PROVIDED DATA:
____
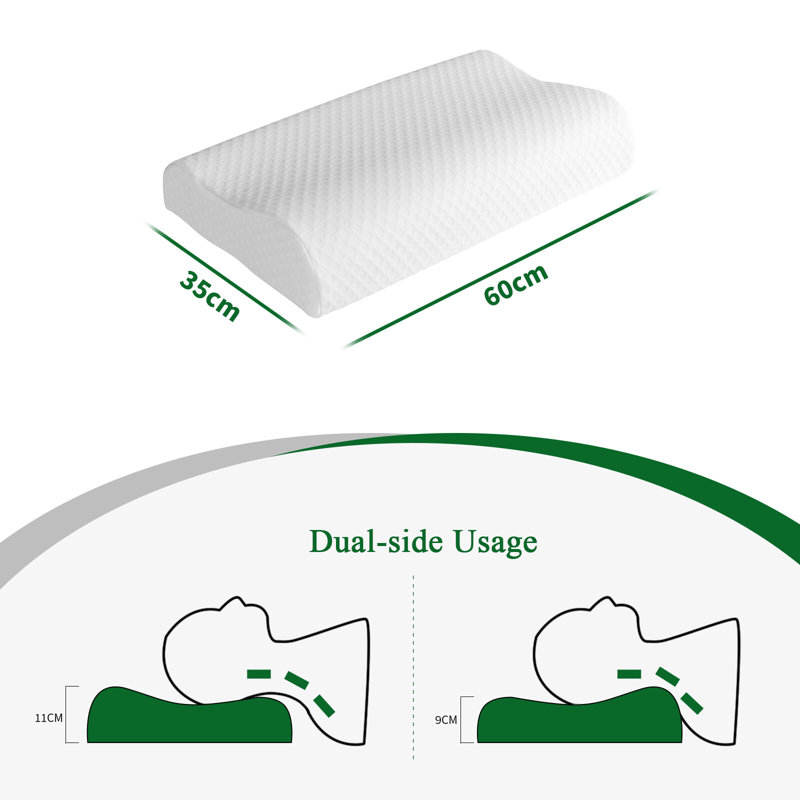 Memory Foam Pillow Orthopedic Deep Sleep Neck Back Protector Bed Pillows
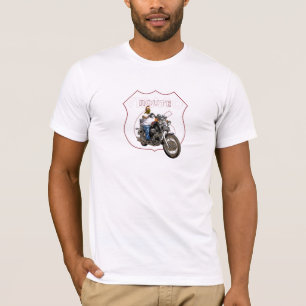 Camiseta Rota clássica 66 da motocicleta do Virago de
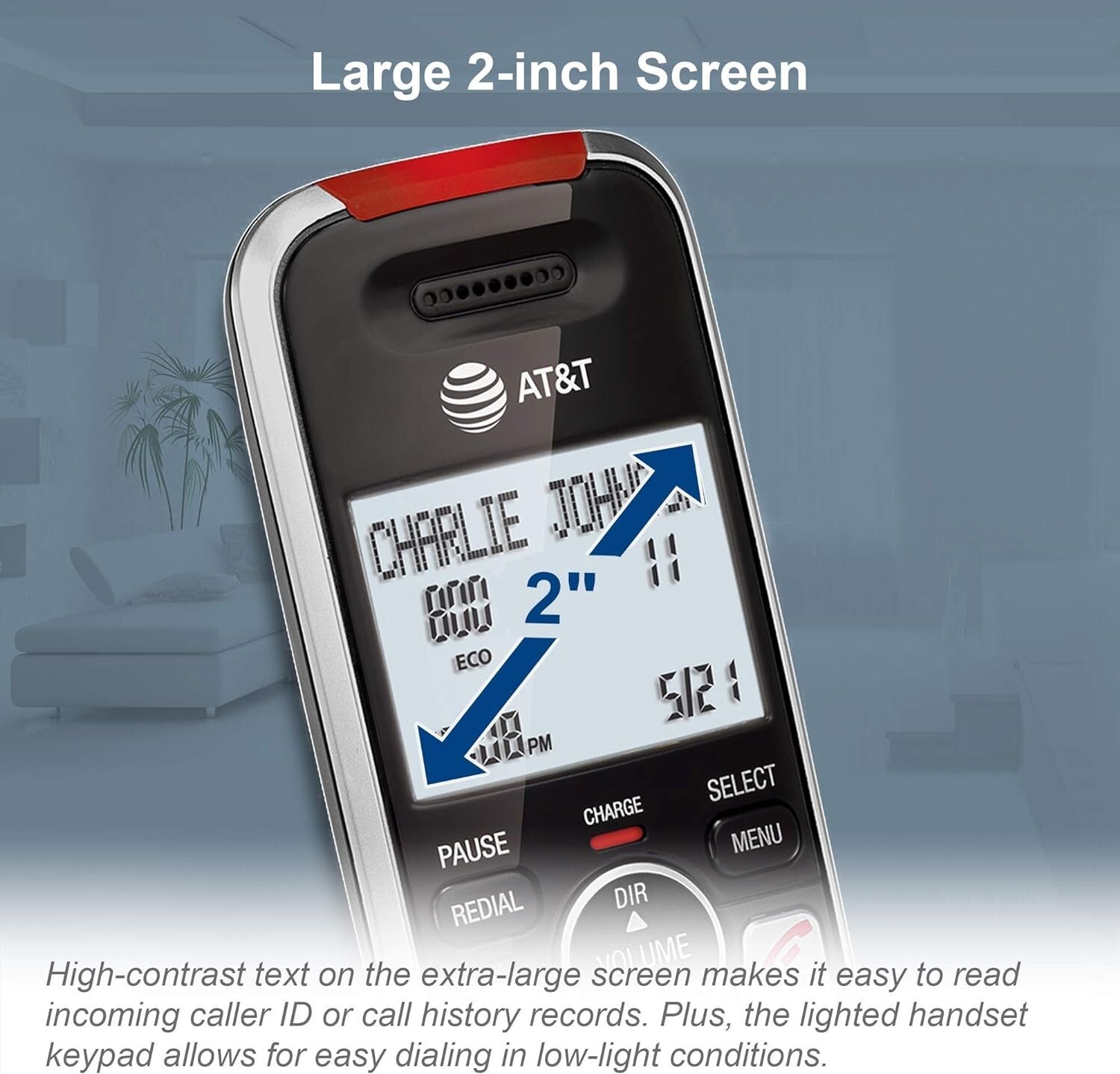 5-Handset Cordless Phone with Audio Assist, Answering Machine, and Call Blocker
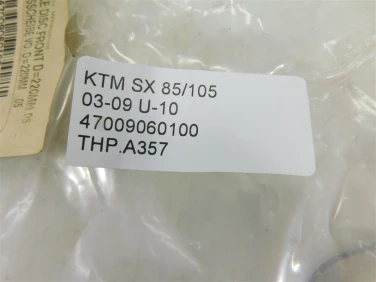 Tarcza hamulcowa przÓd ktm sx 85/105 03-09 u-10 47009060100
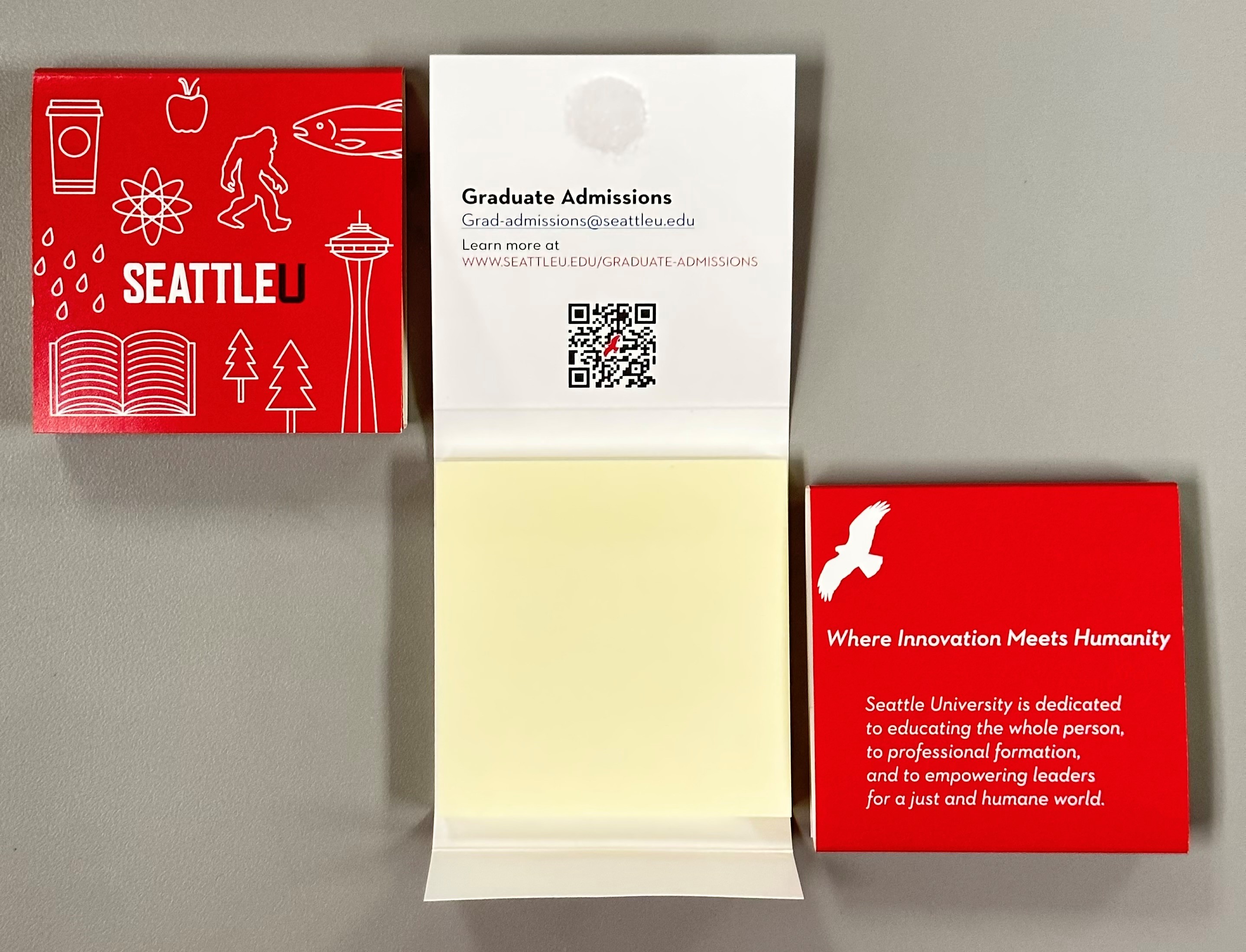 Grad Admissions Post-it Notes with Covers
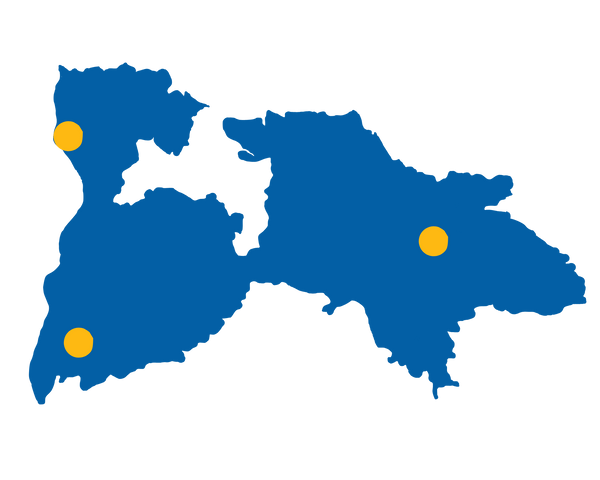 Eine Karte des Landkreises Breisgau-Hochschwarzwald.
____
DIRECTIONS: In your answer, repeat the material above in full, exactly, and without its pictures.

ANSWER TO THE PROBLEM:
 Memory Foam Pillow Orthopedic Deep Sleep Neck Back Protector Bed Pillows
 Camiseta Rota clássica 66 da motocicleta do Virago de
 5-Handset Cordless Phone with Audio Assist, Answering Machine, and Call Blocker
 Tarcza hamulcowa przÓd ktm sx 85/105 03-09 u-10 47009060100
 Grad Admissions Post-it Notes with Covers
 Eine Karte des Landkreises Breisgau-Hochschwarzwald.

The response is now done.